Records excerpted from a collection
________
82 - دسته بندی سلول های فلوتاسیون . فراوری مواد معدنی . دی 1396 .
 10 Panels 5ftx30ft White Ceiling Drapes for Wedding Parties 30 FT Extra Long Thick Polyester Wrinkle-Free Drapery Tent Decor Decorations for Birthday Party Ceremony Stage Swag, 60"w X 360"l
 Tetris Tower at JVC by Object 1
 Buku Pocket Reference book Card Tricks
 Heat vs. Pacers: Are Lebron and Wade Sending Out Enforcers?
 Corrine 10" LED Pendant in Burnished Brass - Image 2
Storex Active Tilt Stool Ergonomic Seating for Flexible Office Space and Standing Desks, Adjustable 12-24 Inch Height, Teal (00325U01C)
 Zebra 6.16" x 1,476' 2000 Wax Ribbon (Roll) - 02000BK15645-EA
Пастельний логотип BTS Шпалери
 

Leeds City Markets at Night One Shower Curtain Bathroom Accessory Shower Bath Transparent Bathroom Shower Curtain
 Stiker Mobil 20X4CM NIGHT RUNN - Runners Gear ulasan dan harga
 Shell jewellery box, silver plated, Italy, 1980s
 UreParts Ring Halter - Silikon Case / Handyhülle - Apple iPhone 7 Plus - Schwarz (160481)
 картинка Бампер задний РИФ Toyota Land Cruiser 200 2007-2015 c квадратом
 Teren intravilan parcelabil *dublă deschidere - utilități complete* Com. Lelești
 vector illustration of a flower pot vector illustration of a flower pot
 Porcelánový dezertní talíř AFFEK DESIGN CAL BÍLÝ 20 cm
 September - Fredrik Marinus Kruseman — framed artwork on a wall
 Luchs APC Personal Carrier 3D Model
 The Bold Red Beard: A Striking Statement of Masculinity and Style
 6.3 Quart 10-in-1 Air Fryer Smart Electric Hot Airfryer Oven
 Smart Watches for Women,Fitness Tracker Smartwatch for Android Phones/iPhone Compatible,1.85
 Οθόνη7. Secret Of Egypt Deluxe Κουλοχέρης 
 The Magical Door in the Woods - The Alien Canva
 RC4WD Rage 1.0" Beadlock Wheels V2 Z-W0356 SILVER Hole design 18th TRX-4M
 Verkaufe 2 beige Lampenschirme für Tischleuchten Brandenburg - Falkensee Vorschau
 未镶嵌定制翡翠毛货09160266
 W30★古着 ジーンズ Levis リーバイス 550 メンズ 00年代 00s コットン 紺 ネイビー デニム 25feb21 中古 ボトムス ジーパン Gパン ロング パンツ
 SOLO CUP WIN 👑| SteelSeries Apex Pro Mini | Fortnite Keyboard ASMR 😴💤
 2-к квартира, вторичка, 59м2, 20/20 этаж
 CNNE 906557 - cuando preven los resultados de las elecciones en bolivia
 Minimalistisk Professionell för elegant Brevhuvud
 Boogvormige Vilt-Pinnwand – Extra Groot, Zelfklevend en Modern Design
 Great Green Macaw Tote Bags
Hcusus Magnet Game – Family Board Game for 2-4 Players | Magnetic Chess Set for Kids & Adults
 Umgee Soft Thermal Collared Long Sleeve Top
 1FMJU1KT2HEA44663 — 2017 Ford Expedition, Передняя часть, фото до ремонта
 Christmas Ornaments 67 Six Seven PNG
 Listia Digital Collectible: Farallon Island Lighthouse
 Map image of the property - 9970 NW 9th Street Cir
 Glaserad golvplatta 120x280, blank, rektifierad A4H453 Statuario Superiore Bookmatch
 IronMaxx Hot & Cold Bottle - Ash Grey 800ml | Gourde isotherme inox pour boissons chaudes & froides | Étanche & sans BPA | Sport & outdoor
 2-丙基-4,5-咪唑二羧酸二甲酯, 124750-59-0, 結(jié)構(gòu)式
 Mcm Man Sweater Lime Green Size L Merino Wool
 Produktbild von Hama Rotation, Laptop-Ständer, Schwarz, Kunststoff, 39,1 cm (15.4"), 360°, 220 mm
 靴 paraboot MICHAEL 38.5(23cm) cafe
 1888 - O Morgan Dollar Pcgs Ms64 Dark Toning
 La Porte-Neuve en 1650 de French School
________
» **Work to complete**
Once you have read the records above, output each of them verbatim.

» **Solved exercise**
82 - دسته بندی سلول های فلوتاسیون . فراوری مواد معدنی . دی 1396 .
 10 Panels 5ftx30ft White Ceiling Drapes for Wedding Parties 30 FT Extra Long Thick Polyester Wrinkle-Free Drapery Tent Decor Decorations for Birthday Party Ceremony Stage Swag, 60"w X 360"l
 Tetris Tower at JVC by Object 1
 Buku Pocket Reference book Card Tricks
 Heat vs. Pacers: Are Lebron and Wade Sending Out Enforcers?
 Corrine 10" LED Pendant in Burnished Brass - Image 2
Storex Active Tilt Stool Ergonomic Seating for Flexible Office Space and Standing Desks, Adjustable 12-24 Inch Height, Teal (00325U01C)
 Zebra 6.16" x 1,476' 2000 Wax Ribbon (Roll) - 02000BK15645-EA
Пастельний логотип BTS Шпалери
 

Leeds City Markets at Night One Shower Curtain Bathroom Accessory Shower Bath Transparent Bathroom Shower Curtain
 Stiker Mobil 20X4CM NIGHT RUNN - Runners Gear ulasan dan harga
 Shell jewellery box, silver plated, Italy, 1980s
 UreParts Ring Halter - Silikon Case / Handyhülle - Apple iPhone 7 Plus - Schwarz (160481)
 картинка Бампер задний РИФ Toyota Land Cruiser 200 2007-2015 c квадратом
 Teren intravilan parcelabil *dublă deschidere - utilități complete* Com. Lelești
 vector illustration of a flower pot vector illustration of a flower pot
 Porcelánový dezertní talíř AFFEK DESIGN CAL BÍLÝ 20 cm
 September - Fredrik Marinus Kruseman — framed artwork on a wall
 Luchs APC Personal Carrier 3D Model
 The Bold Red Beard: A Striking Statement of Masculinity and Style
 6.3 Quart 10-in-1 Air Fryer Smart Electric Hot Airfryer Oven
 Smart Watches for Women,Fitness Tracker Smartwatch for Android Phones/iPhone Compatible,1.85
 Οθόνη7. Secret Of Egypt Deluxe Κουλοχέρης 
 The Magical Door in the Woods - The Alien Canva
 RC4WD Rage 1.0" Beadlock Wheels V2 Z-W0356 SILVER Hole design 18th TRX-4M
 Verkaufe 2 beige Lampenschirme für Tischleuchten Brandenburg - Falkensee Vorschau
 未镶嵌定制翡翠毛货09160266
 W30★古着 ジーンズ Levis リーバイス 550 メンズ 00年代 00s コットン 紺 ネイビー デニム 25feb21 中古 ボトムス ジーパン Gパン ロング パンツ
 SOLO CUP WIN 👑| SteelSeries Apex Pro Mini | Fortnite Keyboard ASMR 😴💤
 2-к квартира, вторичка, 59м2, 20/20 этаж
 CNNE 906557 - cuando preven los resultados de las elecciones en bolivia
 Minimalistisk Professionell för elegant Brevhuvud
 Boogvormige Vilt-Pinnwand – Extra Groot, Zelfklevend en Modern Design
 Great Green Macaw Tote Bags
Hcusus Magnet Game – Family Board Game for 2-4 Players | Magnetic Chess Set for Kids & Adults
 Umgee Soft Thermal Collared Long Sleeve Top
 1FMJU1KT2HEA44663 — 2017 Ford Expedition, Передняя часть, фото до ремонта
 Christmas Ornaments 67 Six Seven PNG
 Listia Digital Collectible: Farallon Island Lighthouse
 Map image of the property - 9970 NW 9th Street Cir
 Glaserad golvplatta 120x280, blank, rektifierad A4H453 Statuario Superiore Bookmatch
 IronMaxx Hot & Cold Bottle - Ash Grey 800ml | Gourde isotherme inox pour boissons chaudes & froides | Étanche & sans BPA | Sport & outdoor
 2-丙基-4,5-咪唑二羧酸二甲酯, 124750-59-0, 結(jié)構(gòu)式
 Mcm Man Sweater Lime Green Size L Merino Wool
 Produktbild von Hama Rotation, Laptop-Ständer, Schwarz, Kunststoff, 39,1 cm (15.4"), 360°, 220 mm
 靴 paraboot MICHAEL 38.5(23cm) cafe
 1888 - O Morgan Dollar Pcgs Ms64 Dark Toning
 La Porte-Neuve en 1650 de French School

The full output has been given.